Plan de conservation
Des plans d’actions et de conservation ont été mis en place concernant les tortues marines et parfois de manière plus spécifique pour les tortues imbriquées. Toutefois, il n’existe pas de plan mondial et chaque pays tente à sa manière de protéger l’espèce sur ses côtes. Les principales mesures consistent à protéger les sites de nidification et à enrayer le braconnage des tortues. De nombreux pays engagent des patrouilles pour sécuriser les plages durant la saison des pontes. Mais leur travail et leur sérieux est parfois décrié comme à Mayotte où la branche française de l’ONG Sea Shepherd organise l’opération Nyamba pour protéger les tortues marines. Ainsi de juin à septembre 2017, les volontaires de Sea Shepherd ont mené plus de 200 patrouilles sur les plages de l’île. L’opération a été réitérée en 2018. Toutes ces mesures de protection des sites de nidification commencent à porter ses fruits. Par exemple en 2004, et pour la première fois depuis 60 ans, une centaine de tortues imbriquées sont nées sur les plages réunionnaises.
Aux Etats-Unis, le NOAA (National Oceanic and Atmospheric Administration) met en place un plan d’actions renouvelé tous les 5 ans. Les résultats sont plutôt également positifs : la fréquentation de deux sites de ponte étant en augmentation à Porto Rico et sur les Iles Vierges.
La sensibilisation du public
Depuis quelques années, le problème de la pollution plastique des mers et océans commence à se répandre. Nous sommes de plus en plus sensibilisés à l’impact de notre consommation sur la faune animale et notamment l’emploi des objets à usage unique. L’impact des réseaux sociaux y est pour beaucoup avec des vidéos devenues virales comme celle d’une tortue à qui on retire une paille coincée dans la narine. Avec la sensibilisation grandissante du public, l’intérêt et la sympathie pour les tortues marines est également en augmentation. Ainsi, les voyages d’éco-volontariat pour protéger ces espèces se multiplient, amenant ainsi non seulement de la main d’œuvre mais également des fonds pour la protection de ces reptiles.

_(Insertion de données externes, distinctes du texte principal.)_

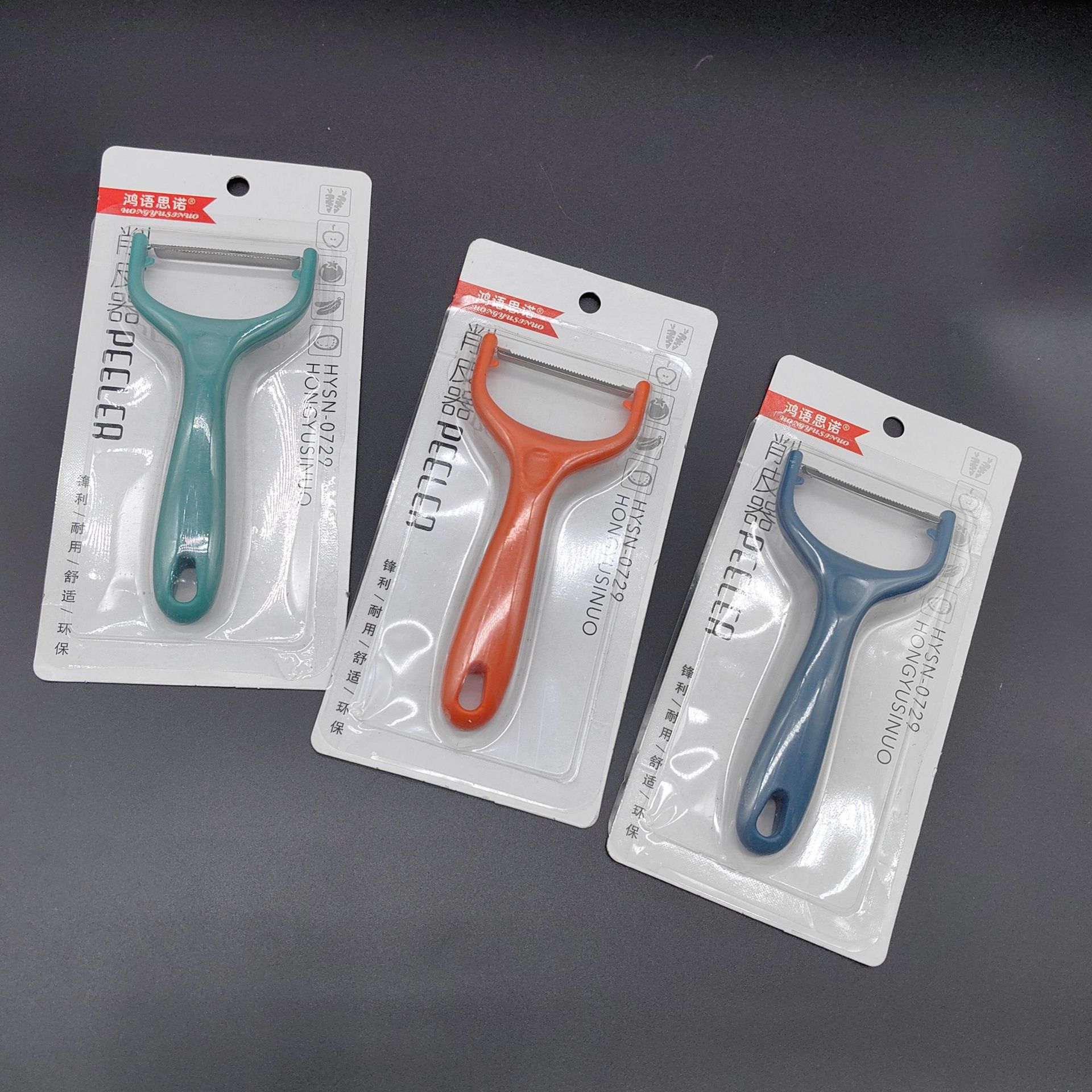 0729 Tarjeta de succión pelador cuchillo mango de plástico dentado pelador fruta melón fruta cepilladora 2 yuanes pelador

Les touristes sont par ailleurs plus sensibilisés aux conséquences négatives que peuvent représenter leur présence lors de la période de nidification. C’est pourquoi des excursions d’observation responsable de ponte de tortues marines sont à présent organisées.
ONG et Associations
Il existe à travers le monde de nombreux organismes spécialisés dans la protection des tortues marines mais le travail est si vaste qu’il leur est impossible d’être présents sur l’ensemble de l’aire de répartition de la tortue imbriquée. Des associations comme Sea Turtle Conservancy (TSA), Sea Shepherd ou encore le WWF sont notamment très impliquées dans la protection de l’espèce.